Extracted information |
__________

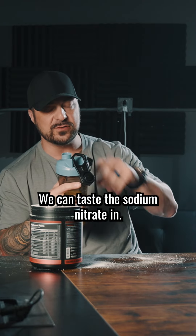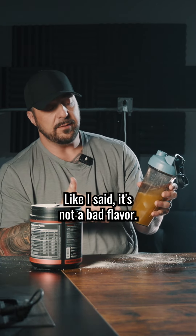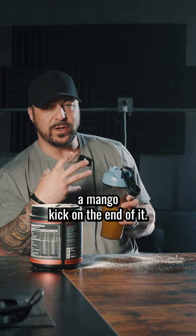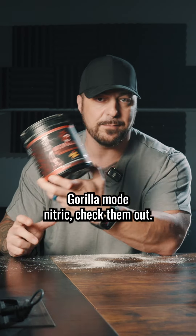It's got a good flavor. You can taste the sodium nitrate in it. It does have that chalky texture because of the glycerol. It's not a bad flavor — it feels like it's got a mango kick on the end of it. Not bad. So if you want a stim-free juggernaut in your arsenal, Gorilla Mode Nitric — go check them out.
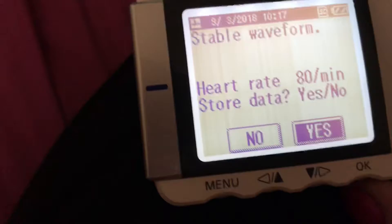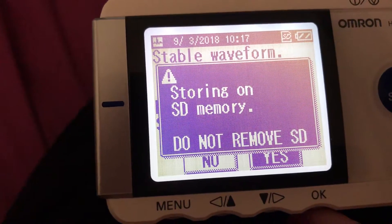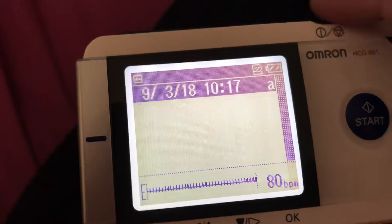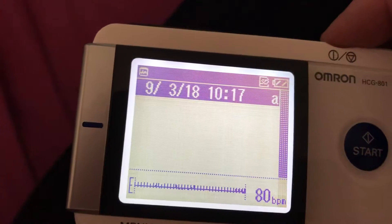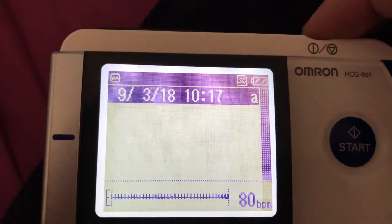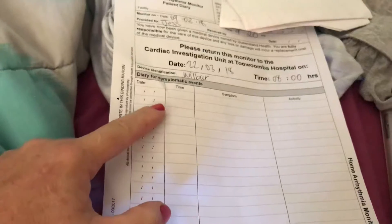I push okay for 'yes, stored,' and then I just turn it off. It's 10:17, so that's been done. Now I just need to grab my pen and write down 10:17.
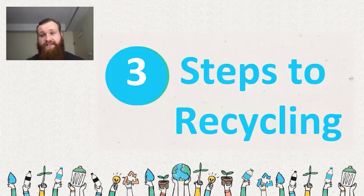We're going to break recycling down to three steps, but please note there might be some variance in what you need to do depending on your specific country and your specific region.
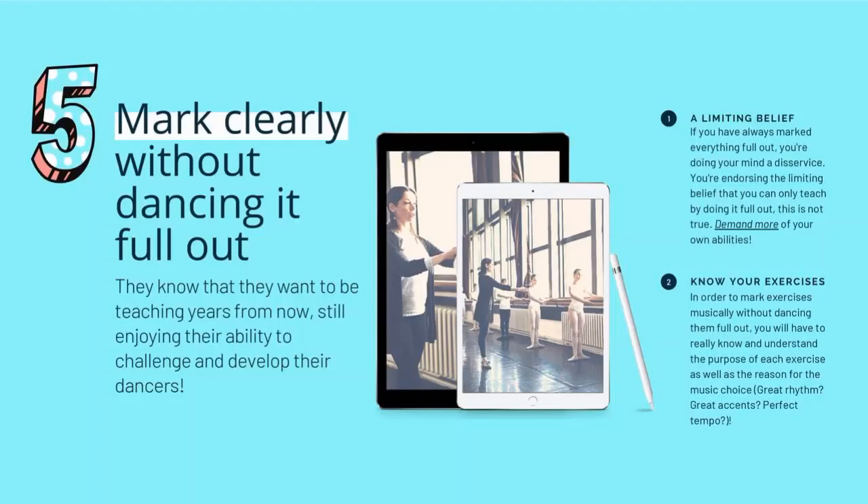When you're creating your exercise, create it with music playing, so you're hearing the same music with that exercise while you create it. It's going to give you a really good grounding of the timing, the accent, the purpose, the quality — all the things that matter to that exercise. When you know your exercise so well from creating it with music, you're not going to feel like you have to mark it full out. You know the reason, the value, the meter, the accent, the quality.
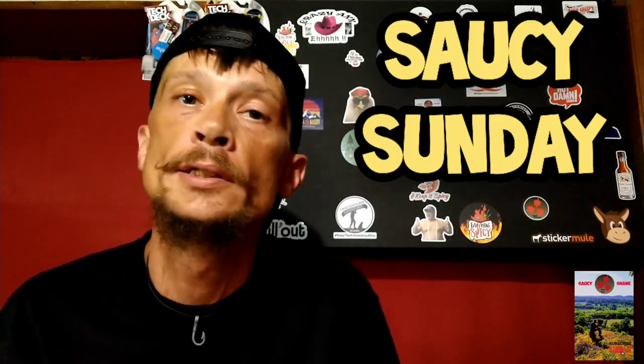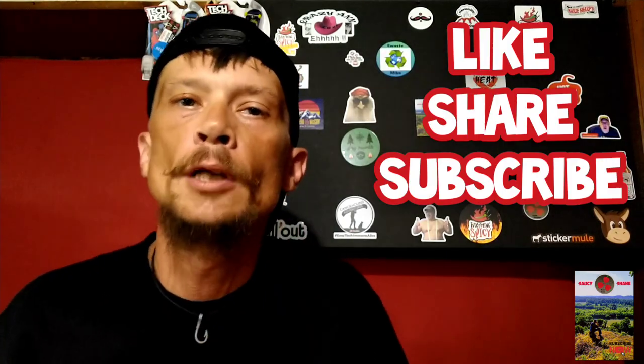What's up everybody? It's your boy Saucy Shane, back with another episode of Saucy Sunday. Hope y'all are having a great weekend. Don't forget to smash that thumbs up on your way in.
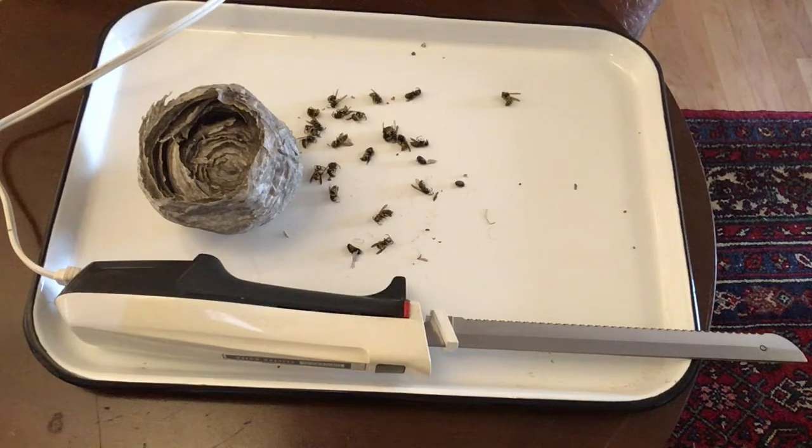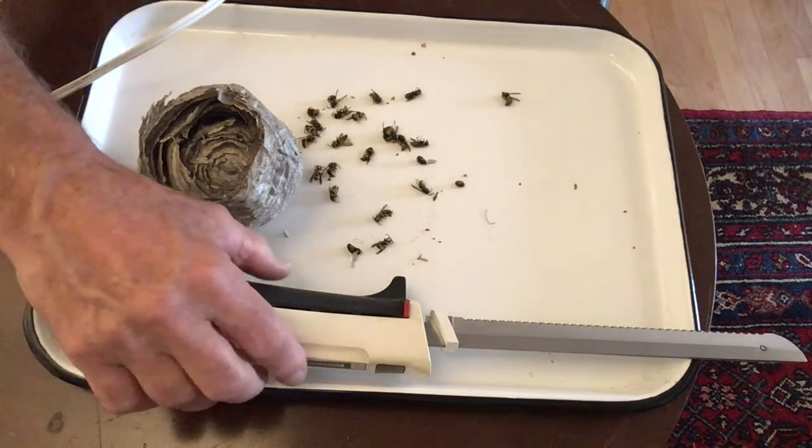Today we are going to open up this nest with an electric carving knife. I have to admit that I only use this knife for cutting foam rubber into unique shapes and for cutting into wasp nests.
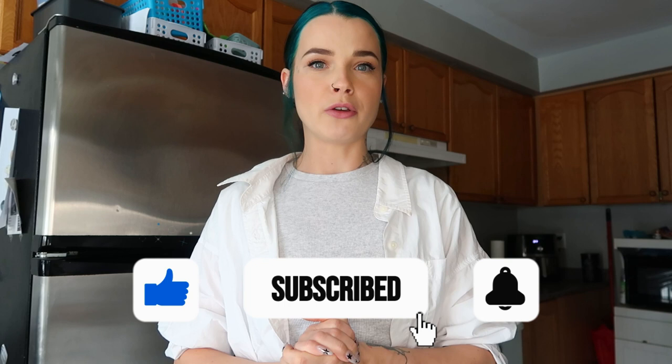Welcome back to the channel. In today's video I'm going to be showing you my baby's formula routine. The reason I wanted to make this video is because I have had three children — my first two were exclusively breastfed — and I thought for sure with my third child I was going to be able to breastfeed and have that same experience. That was totally my plan.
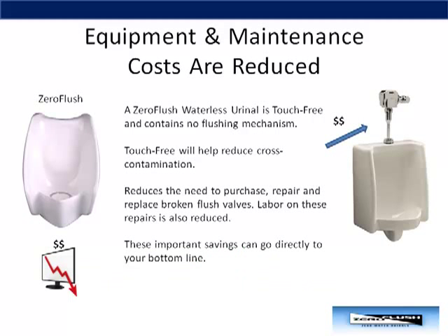Since Zero Flush urinals are touch-free, this will help you reduce cross-contamination in your restrooms. Also, because our urinals do not use any flushing mechanisms, this reduces the need to purchase, repair, and replace broken valves. You'll also save on the labor costs associated with these repairs.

__________

Directions | Every line from the start of the material through the line holding "We're going to" must be returned exactly, and the pictures must not.

Written solution |
It's got a good flavor. You can taste the sodium nitrate in it. It does have that chalky texture because of the glycerol. It's not a bad flavor — it feels like it's got a mango kick on the end of it. Not bad. So if you want a stim-free juggernaut in your arsenal, Gorilla Mode Nitric — go check them out.
I push okay for 'yes, stored,' and then I just turn it off. It's 10:17, so that's been done. Now I just need to grab my pen and write down 10:17.
We're going to break recycling down to three steps, but please note there might be some variance in what you need to do depending on your specific country and your specific region.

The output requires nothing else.